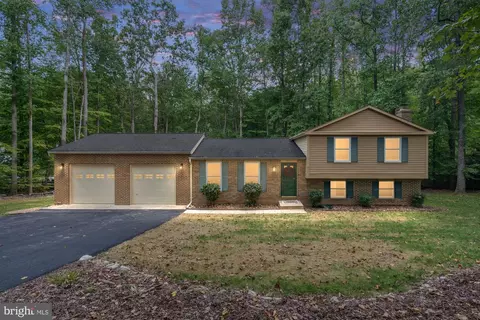 8008 Gracie Dr, Manassas, VA 20112
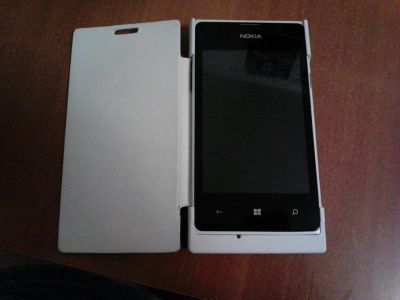 Лот: 3499735. Фото: 1. Nokia Lumia 1020 копия + чехол-зарядка... Кнопочные мобильные телефоны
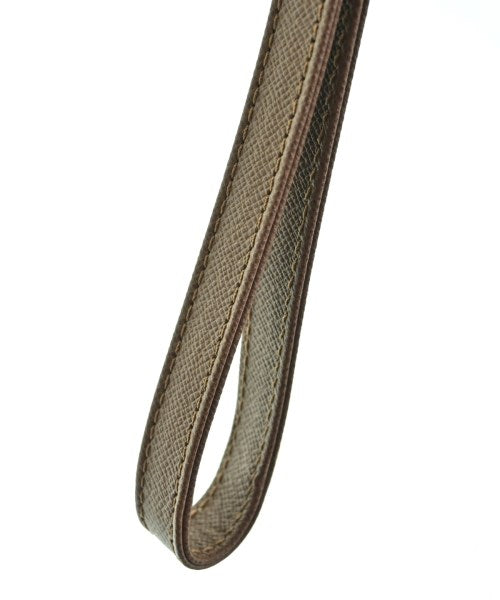 LOUIS VUITTON คลัตช์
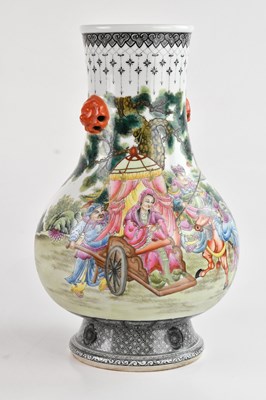 Lot 1163 - A Chinese late Republic period vase, decorated...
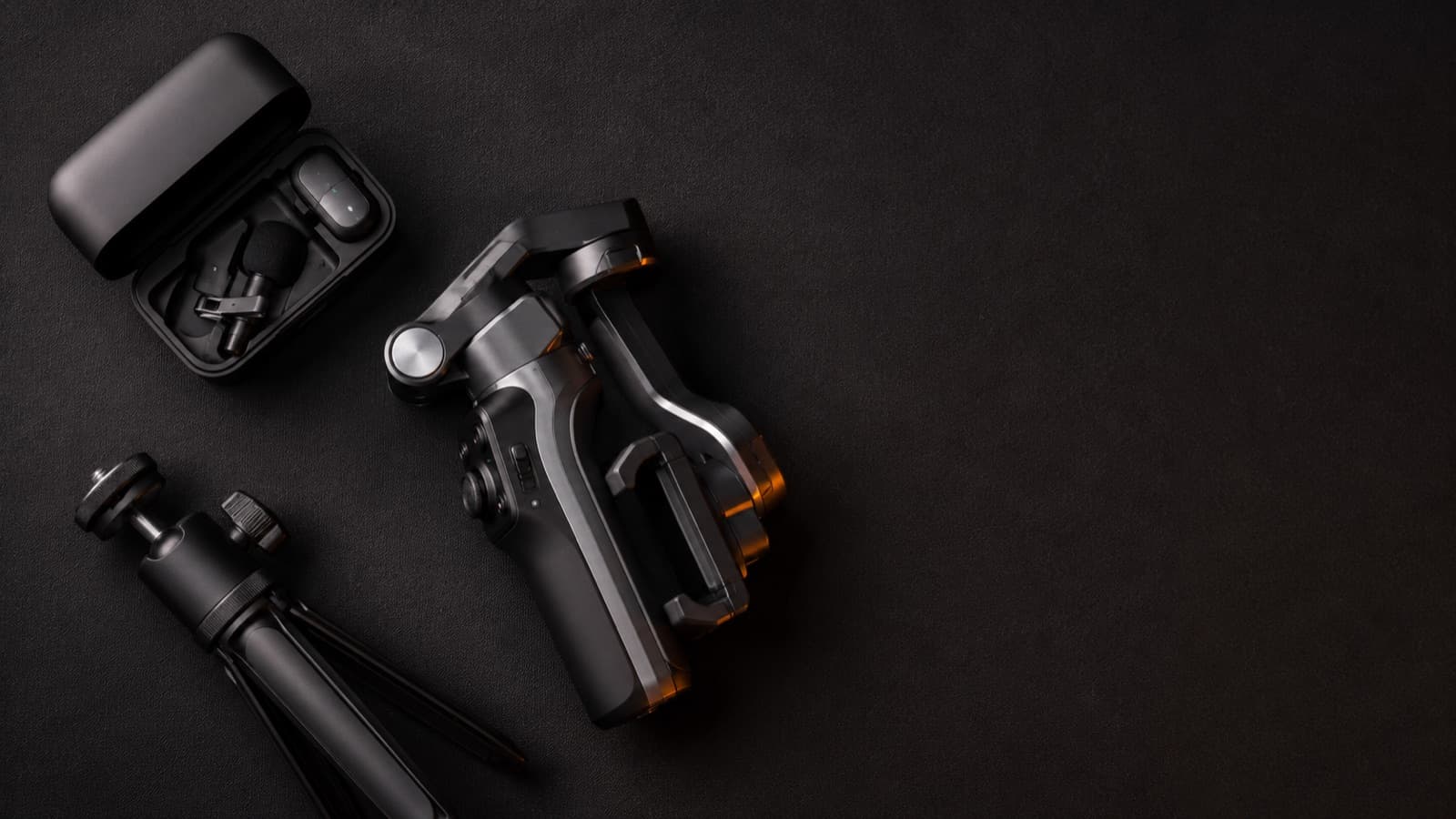 Kit compacto de gravação com celular: microfone de lapela, gimbal dobrado e mini tripé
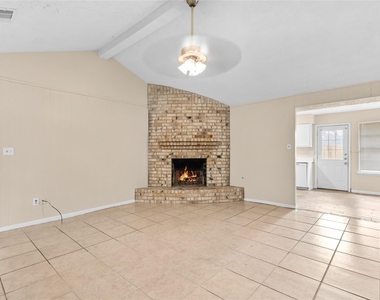 9603 Landry Boulevard - Photo Thumbnail 5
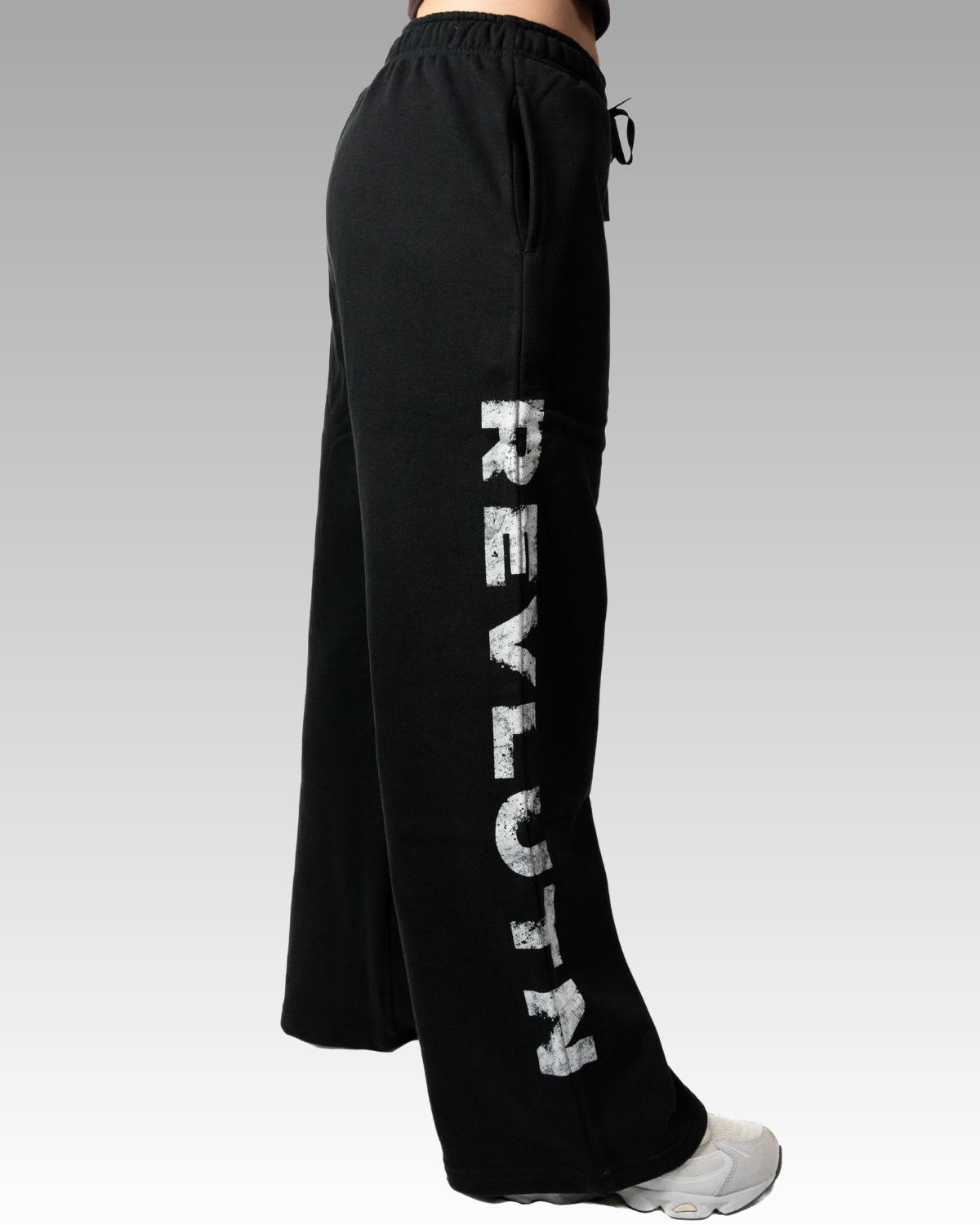 REVLUTN SWEATPANTS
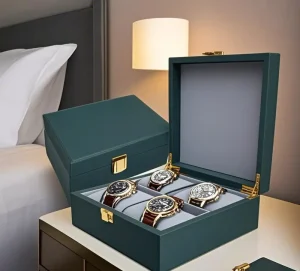 Men’s Green Square Multiple Watch Bracelet Jewelry Set Box Featuring a Small Pillow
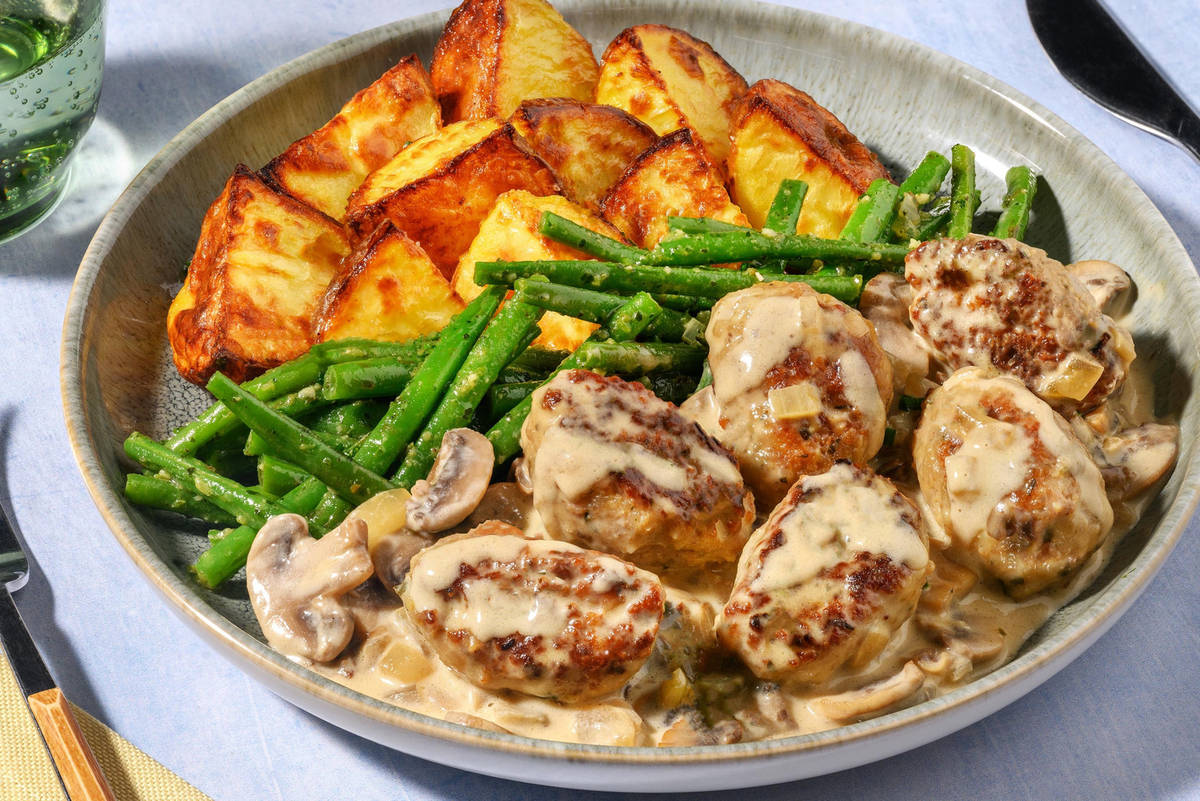 Boulettes de poulet en sauce crémeuse aux champignons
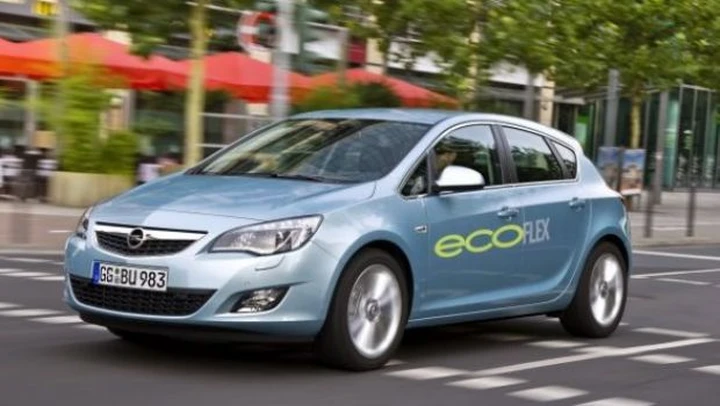 Opel Astra: per la 1.3 CDTI ecoFLEX è disponibile il sistema Start&Stop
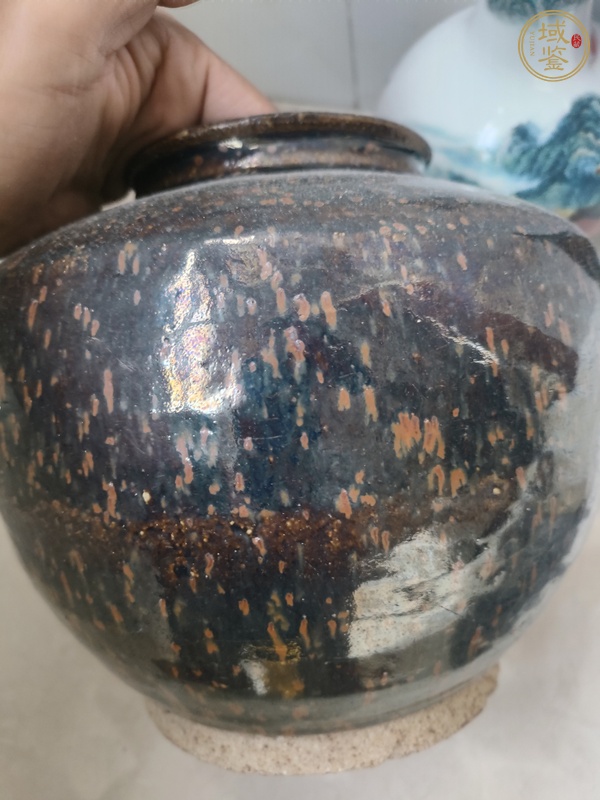 古玩陶瓷黑褐釉罐真品鑒賞圖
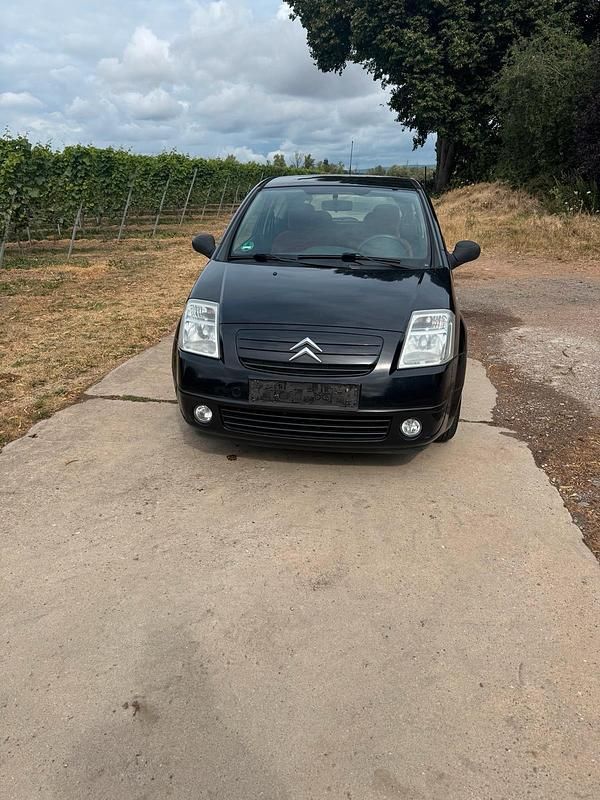 Schwarz Gebraucht 2006 Citroën C2 Kleinwagen | 999 € (Guter Preis) - Bild 1/4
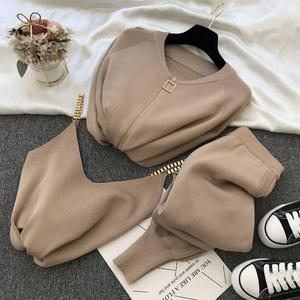 Ensemble trois pièces tricoté pour femme : gilet à chaîne, pantalon élastique à jambe étroite, nouveau style printemps-automne - Product Image 4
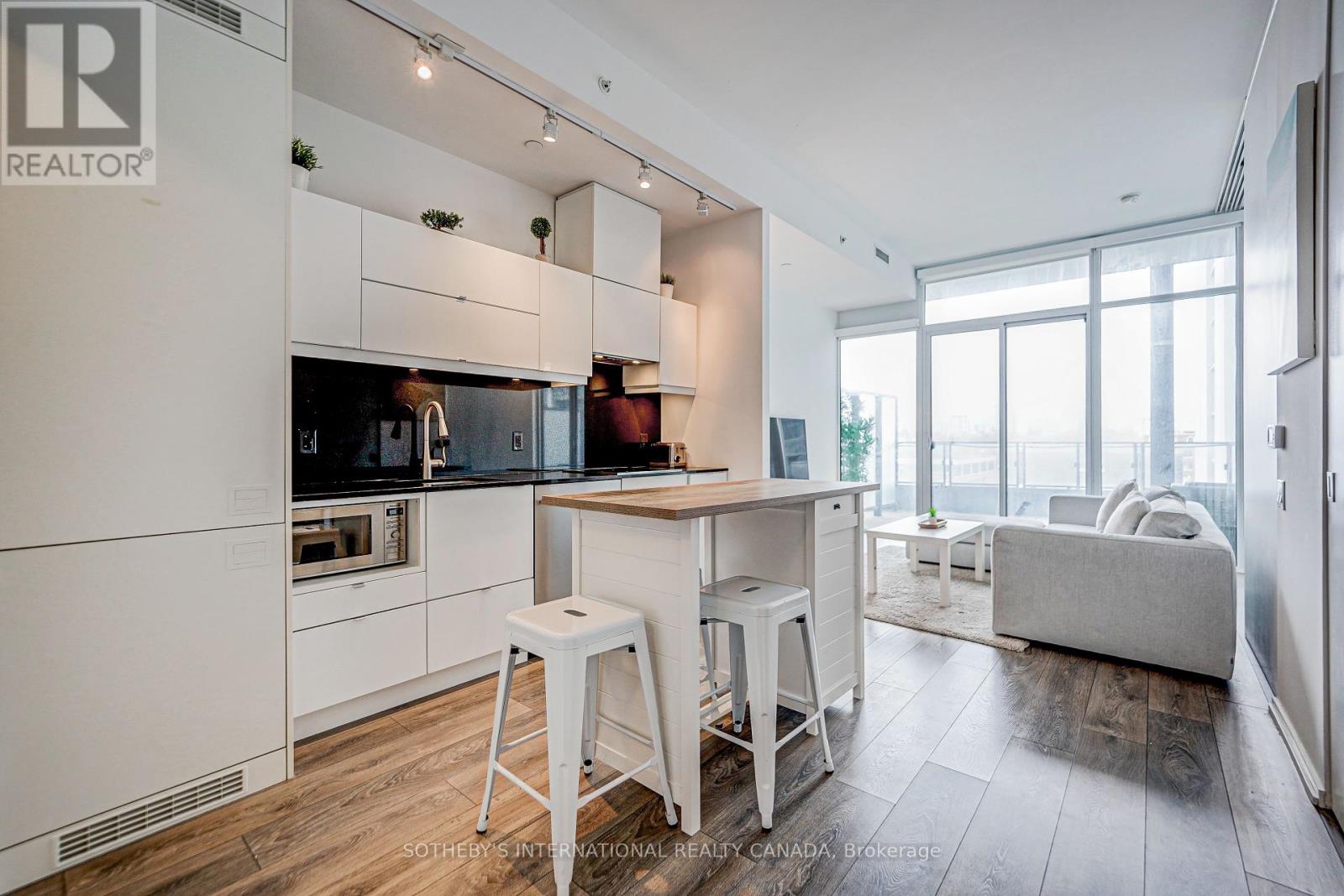 506 - 125 PETER STREET, Toronto, Ontario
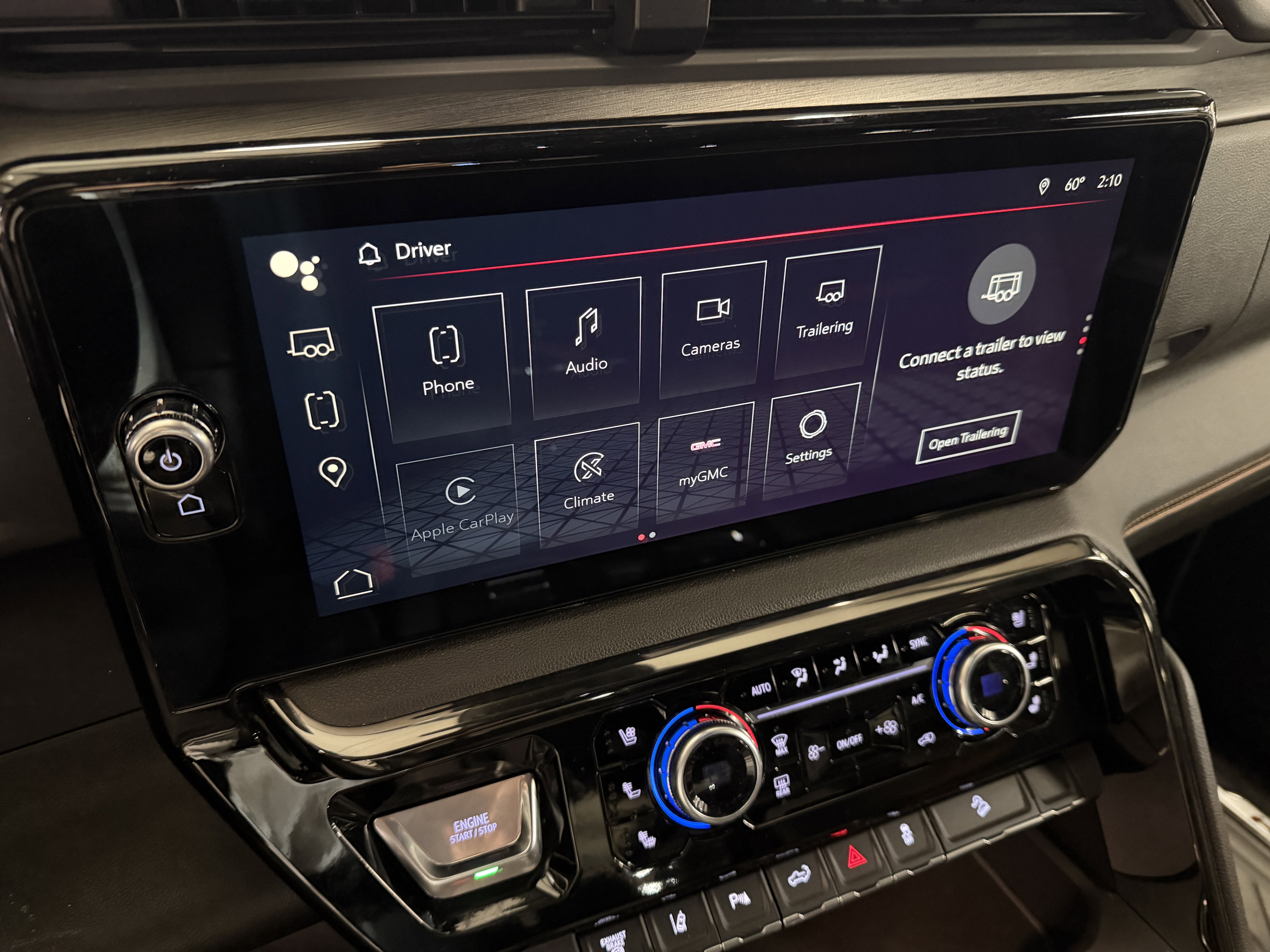 Used 2024 GMC Sierra 2500 AT4 w/ AT4 Preferred Package image 9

■ ACTIVITY ■
Write out exactly the lines from the one containing "Boulettes de poulet" through the end of the entries, both included. Pictures are not copied.

■ OUTPUT OF THE EXERCISE ■
 Boulettes de poulet en sauce crémeuse aux champignons
 Opel Astra: per la 1.3 CDTI ecoFLEX è disponibile il sistema Start&Stop
 古玩陶瓷黑褐釉罐真品鑒賞圖
 Schwarz Gebraucht 2006 Citroën C2 Kleinwagen | 999 € (Guter Preis) - Bild 1/4
 Ensemble trois pièces tricoté pour femme : gilet à chaîne, pantalon élastique à jambe étroite, nouveau style printemps-automne - Product Image 4
 506 - 125 PETER STREET, Toronto, Ontario
 Used 2024 GMC Sierra 2500 AT4 w/ AT4 Preferred Package image 9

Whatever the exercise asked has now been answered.